# Форум на русском языке  > Новости  > Новости интернет-пространства  >  Mozilla удалила следящий за пользователями плагин

## CyberWriter

Представители Mozilla с некоторым опозданием удалили из своего каталога расширений плагин Ant Video Downloader and Player, скачанный около 7 млн раз. Плагин следил за сайтами, которые посещали пользователи Firefox и передавал информацию на сервер разработчика.

Программ, дополнений и гаджетов, которые следят за пользователями, на сегодняшний день существует великое множество. Некоторые интернетчики добровольно и даже охотно "скармливают" свои персональные данные, сведения о своих перемещениях и о посещенных сайтах. Некоторые же предпочитают "шифроваться", используя при браузинге приватный режим, а то и в сочетании с анонимайзерами, передает Вебпланета.

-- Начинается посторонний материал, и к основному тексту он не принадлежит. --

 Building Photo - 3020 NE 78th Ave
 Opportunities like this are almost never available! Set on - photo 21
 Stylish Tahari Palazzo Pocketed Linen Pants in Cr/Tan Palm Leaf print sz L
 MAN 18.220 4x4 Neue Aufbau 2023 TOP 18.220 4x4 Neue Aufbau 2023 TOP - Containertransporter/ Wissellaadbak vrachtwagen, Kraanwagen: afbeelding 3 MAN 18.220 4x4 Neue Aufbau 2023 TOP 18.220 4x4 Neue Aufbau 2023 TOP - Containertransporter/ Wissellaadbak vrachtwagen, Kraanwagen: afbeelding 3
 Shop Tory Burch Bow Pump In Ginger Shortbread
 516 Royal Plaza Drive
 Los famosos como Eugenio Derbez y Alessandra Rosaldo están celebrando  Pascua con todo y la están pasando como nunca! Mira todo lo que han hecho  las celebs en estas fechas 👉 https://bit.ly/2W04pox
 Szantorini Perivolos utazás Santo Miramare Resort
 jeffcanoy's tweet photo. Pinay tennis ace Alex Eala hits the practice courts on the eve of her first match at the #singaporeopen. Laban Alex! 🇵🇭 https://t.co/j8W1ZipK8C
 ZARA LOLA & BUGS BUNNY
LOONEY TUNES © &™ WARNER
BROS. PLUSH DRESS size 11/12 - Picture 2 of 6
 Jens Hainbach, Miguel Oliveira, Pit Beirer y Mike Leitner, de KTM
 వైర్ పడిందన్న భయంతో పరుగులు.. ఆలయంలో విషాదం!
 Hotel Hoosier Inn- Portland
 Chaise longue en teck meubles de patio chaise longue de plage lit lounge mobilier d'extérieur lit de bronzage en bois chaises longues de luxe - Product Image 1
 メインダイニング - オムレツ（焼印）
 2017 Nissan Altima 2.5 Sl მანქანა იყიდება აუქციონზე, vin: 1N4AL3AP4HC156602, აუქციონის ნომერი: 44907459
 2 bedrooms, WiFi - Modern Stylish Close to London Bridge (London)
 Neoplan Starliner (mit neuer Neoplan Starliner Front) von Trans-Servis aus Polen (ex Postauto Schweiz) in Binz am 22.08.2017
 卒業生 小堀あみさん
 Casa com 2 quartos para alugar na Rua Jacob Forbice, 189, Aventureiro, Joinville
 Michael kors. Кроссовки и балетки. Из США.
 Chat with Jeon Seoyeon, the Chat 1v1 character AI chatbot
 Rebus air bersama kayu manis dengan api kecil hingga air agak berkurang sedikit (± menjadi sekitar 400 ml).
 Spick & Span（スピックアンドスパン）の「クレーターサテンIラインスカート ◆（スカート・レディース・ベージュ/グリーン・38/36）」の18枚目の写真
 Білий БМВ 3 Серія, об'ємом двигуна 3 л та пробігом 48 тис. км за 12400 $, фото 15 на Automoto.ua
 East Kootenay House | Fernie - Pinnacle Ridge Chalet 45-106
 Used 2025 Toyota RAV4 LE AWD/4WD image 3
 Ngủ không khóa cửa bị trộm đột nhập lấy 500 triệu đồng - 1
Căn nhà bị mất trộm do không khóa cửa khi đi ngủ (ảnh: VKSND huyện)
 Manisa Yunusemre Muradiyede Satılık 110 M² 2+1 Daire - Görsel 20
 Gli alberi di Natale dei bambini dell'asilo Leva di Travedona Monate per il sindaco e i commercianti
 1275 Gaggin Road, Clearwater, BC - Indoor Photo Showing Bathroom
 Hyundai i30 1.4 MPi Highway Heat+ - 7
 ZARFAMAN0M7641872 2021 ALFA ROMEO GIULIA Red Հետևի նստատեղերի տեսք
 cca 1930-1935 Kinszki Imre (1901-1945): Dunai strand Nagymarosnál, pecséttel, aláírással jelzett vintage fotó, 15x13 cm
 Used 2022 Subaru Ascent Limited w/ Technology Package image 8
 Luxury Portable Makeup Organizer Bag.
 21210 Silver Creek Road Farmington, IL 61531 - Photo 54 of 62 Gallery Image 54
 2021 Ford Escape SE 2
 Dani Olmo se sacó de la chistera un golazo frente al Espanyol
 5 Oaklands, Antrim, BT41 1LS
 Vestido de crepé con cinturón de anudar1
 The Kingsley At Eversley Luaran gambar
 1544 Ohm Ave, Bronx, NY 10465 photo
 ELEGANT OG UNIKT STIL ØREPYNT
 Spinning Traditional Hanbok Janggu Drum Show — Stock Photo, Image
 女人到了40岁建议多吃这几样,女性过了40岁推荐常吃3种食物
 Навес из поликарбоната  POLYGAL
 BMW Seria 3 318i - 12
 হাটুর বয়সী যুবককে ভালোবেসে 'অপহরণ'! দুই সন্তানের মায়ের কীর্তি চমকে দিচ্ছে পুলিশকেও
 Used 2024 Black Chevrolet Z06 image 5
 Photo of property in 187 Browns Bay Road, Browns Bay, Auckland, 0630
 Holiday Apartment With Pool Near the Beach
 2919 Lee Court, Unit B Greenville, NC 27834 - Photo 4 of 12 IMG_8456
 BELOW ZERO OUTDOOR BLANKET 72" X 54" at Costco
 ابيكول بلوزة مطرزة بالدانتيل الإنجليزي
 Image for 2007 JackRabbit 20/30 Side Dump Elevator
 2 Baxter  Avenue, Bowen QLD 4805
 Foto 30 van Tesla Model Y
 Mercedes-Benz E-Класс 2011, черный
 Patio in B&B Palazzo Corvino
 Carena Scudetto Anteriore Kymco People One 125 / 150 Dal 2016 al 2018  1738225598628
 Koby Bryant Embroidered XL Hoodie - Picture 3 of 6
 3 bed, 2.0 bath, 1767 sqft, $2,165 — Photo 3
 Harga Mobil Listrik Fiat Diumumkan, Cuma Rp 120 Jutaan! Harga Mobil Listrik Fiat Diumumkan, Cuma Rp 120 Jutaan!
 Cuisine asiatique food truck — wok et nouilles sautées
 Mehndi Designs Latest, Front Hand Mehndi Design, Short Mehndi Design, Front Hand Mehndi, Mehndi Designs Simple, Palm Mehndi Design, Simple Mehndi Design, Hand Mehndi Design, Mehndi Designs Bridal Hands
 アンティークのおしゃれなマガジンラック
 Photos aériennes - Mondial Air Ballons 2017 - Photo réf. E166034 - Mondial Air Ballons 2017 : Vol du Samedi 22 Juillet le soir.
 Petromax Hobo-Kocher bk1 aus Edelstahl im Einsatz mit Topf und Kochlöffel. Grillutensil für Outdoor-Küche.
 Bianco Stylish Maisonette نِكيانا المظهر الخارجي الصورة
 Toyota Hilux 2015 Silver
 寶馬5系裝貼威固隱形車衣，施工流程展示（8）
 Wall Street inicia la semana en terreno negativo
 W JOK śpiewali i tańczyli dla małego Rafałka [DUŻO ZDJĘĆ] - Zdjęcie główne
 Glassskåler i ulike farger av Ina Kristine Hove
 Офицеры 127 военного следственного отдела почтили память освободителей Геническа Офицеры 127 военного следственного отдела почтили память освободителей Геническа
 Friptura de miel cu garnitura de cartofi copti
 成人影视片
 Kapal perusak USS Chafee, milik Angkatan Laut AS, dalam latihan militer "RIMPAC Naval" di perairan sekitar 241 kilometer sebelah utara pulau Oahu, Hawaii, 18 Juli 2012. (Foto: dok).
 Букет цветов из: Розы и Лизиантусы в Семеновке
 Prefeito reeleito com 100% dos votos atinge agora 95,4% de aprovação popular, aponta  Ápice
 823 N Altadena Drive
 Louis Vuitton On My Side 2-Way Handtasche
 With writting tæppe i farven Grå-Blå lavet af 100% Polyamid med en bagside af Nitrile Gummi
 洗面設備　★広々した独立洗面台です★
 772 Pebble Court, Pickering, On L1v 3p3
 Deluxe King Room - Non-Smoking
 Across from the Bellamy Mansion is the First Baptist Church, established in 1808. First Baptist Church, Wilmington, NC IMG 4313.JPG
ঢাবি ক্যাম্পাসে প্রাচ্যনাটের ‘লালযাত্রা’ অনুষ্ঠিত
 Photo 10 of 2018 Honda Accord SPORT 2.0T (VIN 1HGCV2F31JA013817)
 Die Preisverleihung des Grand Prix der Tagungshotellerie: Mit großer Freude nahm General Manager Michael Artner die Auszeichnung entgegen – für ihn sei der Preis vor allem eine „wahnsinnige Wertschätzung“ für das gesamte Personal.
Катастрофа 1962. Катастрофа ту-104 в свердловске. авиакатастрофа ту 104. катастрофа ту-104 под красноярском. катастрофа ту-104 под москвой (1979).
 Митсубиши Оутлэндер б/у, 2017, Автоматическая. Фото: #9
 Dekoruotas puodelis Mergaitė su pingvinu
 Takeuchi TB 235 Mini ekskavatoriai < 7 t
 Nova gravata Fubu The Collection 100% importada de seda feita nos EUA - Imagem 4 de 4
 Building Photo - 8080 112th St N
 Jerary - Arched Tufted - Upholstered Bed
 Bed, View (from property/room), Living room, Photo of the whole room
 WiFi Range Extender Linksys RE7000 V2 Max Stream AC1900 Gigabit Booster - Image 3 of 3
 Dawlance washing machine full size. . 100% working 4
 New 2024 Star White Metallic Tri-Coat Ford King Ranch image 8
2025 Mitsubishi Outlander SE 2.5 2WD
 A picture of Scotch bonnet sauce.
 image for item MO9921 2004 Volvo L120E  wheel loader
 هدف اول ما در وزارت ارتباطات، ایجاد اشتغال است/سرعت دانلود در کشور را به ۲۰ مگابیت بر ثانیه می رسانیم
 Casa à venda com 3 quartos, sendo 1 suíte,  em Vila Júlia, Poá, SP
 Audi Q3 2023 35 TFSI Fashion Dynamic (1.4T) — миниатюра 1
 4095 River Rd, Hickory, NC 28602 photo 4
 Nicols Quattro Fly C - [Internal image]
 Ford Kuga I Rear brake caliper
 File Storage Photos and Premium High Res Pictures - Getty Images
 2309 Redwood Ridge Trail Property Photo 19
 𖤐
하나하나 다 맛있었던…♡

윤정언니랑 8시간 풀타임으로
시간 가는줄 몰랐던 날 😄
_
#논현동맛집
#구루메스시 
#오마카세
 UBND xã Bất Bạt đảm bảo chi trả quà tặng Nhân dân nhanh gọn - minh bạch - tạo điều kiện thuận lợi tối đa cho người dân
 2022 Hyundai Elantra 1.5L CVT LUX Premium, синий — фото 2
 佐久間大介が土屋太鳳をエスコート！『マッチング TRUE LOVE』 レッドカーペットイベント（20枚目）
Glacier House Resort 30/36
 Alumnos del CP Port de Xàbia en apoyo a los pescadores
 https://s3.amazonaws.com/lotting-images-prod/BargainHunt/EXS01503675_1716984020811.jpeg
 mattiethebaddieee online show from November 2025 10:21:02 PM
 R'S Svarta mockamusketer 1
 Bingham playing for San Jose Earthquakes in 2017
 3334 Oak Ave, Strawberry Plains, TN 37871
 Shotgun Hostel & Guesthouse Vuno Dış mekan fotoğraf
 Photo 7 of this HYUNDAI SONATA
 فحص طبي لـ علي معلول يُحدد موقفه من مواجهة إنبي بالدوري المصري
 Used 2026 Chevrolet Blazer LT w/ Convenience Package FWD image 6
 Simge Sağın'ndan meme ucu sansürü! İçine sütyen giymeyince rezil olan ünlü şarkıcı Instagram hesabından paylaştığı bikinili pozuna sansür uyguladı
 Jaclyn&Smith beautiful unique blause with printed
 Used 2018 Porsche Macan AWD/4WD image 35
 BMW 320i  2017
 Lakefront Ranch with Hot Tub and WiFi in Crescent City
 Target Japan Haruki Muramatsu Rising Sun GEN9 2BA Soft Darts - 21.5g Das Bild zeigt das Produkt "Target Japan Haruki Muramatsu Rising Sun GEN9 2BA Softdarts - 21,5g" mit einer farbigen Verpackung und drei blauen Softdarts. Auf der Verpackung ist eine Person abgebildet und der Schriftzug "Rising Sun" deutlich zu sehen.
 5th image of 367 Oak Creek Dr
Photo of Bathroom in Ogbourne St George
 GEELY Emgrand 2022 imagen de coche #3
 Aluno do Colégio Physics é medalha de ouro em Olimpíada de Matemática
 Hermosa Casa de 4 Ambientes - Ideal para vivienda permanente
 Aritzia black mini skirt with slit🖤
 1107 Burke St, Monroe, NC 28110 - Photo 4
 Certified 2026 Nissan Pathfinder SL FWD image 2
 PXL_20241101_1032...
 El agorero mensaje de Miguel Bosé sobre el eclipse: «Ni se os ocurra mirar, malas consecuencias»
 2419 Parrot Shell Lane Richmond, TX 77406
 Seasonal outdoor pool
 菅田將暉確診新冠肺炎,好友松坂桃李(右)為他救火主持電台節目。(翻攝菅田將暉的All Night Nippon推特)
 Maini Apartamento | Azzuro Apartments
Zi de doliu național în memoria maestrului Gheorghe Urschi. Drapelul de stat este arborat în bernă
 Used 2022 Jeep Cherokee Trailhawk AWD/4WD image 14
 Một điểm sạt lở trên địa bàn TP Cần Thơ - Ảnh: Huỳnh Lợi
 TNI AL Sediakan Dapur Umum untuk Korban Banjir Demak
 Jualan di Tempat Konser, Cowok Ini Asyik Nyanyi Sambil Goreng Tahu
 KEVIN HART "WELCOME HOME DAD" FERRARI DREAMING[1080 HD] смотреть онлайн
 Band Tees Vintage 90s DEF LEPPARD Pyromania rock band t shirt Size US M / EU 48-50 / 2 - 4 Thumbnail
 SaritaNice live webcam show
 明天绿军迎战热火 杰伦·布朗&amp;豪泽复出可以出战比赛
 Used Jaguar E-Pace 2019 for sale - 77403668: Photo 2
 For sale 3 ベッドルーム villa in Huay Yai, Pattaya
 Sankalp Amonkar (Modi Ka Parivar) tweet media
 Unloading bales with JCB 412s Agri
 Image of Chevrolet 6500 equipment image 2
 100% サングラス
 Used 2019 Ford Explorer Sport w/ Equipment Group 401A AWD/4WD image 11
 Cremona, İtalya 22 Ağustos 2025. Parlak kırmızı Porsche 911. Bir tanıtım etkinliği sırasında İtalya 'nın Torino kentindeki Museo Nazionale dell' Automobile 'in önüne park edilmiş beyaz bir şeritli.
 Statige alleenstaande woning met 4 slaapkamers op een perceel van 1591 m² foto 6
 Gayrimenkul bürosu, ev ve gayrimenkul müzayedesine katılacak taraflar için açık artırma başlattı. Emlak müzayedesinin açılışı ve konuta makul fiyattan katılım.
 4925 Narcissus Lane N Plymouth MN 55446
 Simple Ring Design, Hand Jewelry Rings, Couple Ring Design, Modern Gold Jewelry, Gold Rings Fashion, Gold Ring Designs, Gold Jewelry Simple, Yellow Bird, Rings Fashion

Плагин Ant Video Downloader and Player, скачиваемый в среднем по 7 тысяч раз в день, оказался в этом смысле настоящей находкой. Как выяснилось, он не только передавал информацию о каждом HTTP-запросе пользователя на сервер rpc.ant.com, но и был способен делать это в приватном режиме. При установке плагина, разумеется, не выводилось никаких предупреждений о слежке.

При этом каждому пользователю плагин назначал уникальный идентификационный номер, который оставался неизменным даже после удаления и новой установки плагина. Идентификатор можно было сменить только полностью очистив свой пользовательский профиль Firefox, то есть приведя браузер в изначальное состояние - как перед первым запуском. Поскольку вместе с информацией на сервер передавался и этот идентификатор, приватность отсутствовала даже при использовании анонимайзеров.

Благодаря системе уникальных идентификационных номеров разработчики плагина вполне могли накопить массу интересных сведений с привязкой к конкретным пользователям. Анализируя посещенные пользователем страницы в ряде случаев можно даже вычислить его личность, не говоря уже о его интересах и предпочтениях. А сохраняя и обрабатывая сведения об IP-адресах, с которых выходил в Интернет пользователь с данным идентификатором, можно составить относительно подробную карту его перемещений (в случае использования переносного компьютера).

anti-malware.ru

----------

Надоело быть жертвой? Стань профи по информационной безопасности, получай самую свежую информацию об угрозах и средствах защиты от ведущего российского аналитического центра Anti-Malware.ru:

----------


## valho

Чудные они какие то из мозиллы, это уже было известно 3 года назад

----------